**To do:**
Every line from the one with "Portrait du peintre" to the end of the listing below must be printed exactly, with no other text and no pictures.

**Information supplied:**
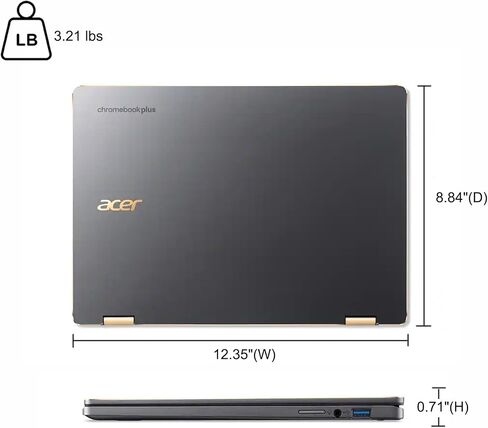 iCarp Customized Laptop Made with Acer Chromebook Plus Spin 714 2-in-1 Laptop 14" WUXGA Touchscreen 100% sRGB Intel 8-core Ultra 5 115U 8GB RAM 128GB/256GB/512GB/1TB/2TB SSD Backlit Thunderbolt in Kuwait
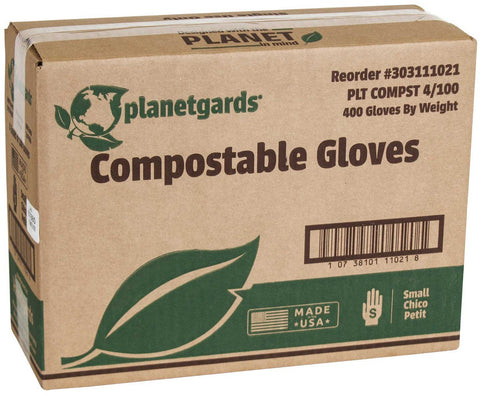 Planetgards Small Green Powder Free Compostable Gloves -- 400 per case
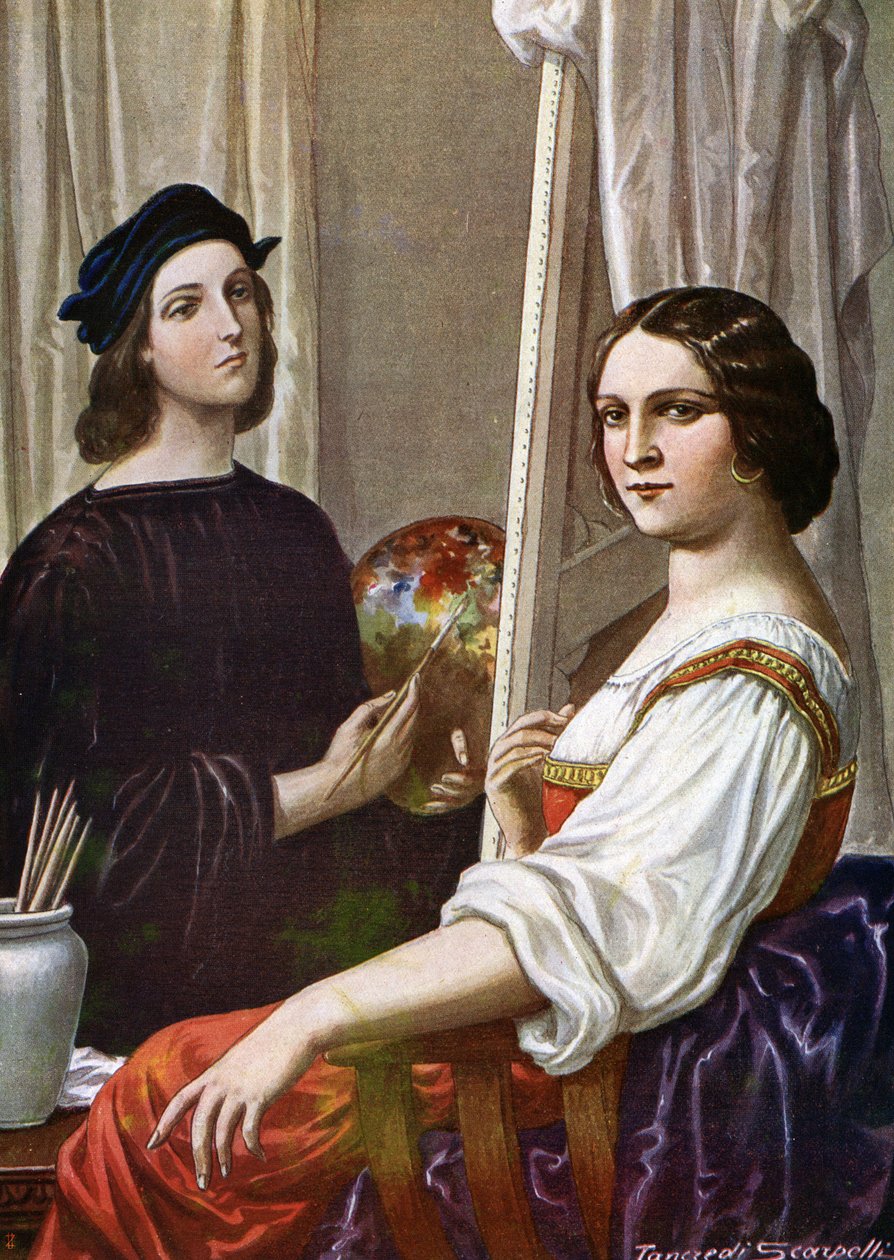 Portrait du peintre Raphaël peignant la Fornarina - Tancredi Scarpelli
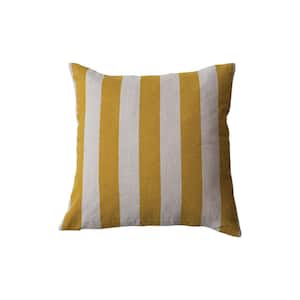Chartreuse and Natural Polyester 20 in. x 20 in. Striped Cotton and Linen Throw Pillow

**Solution for this task:**
 Portrait du peintre Raphaël peignant la Fornarina - Tancredi Scarpelli
Chartreuse and Natural Polyester 20 in. x 20 in. Striped Cotton and Linen Throw Pillow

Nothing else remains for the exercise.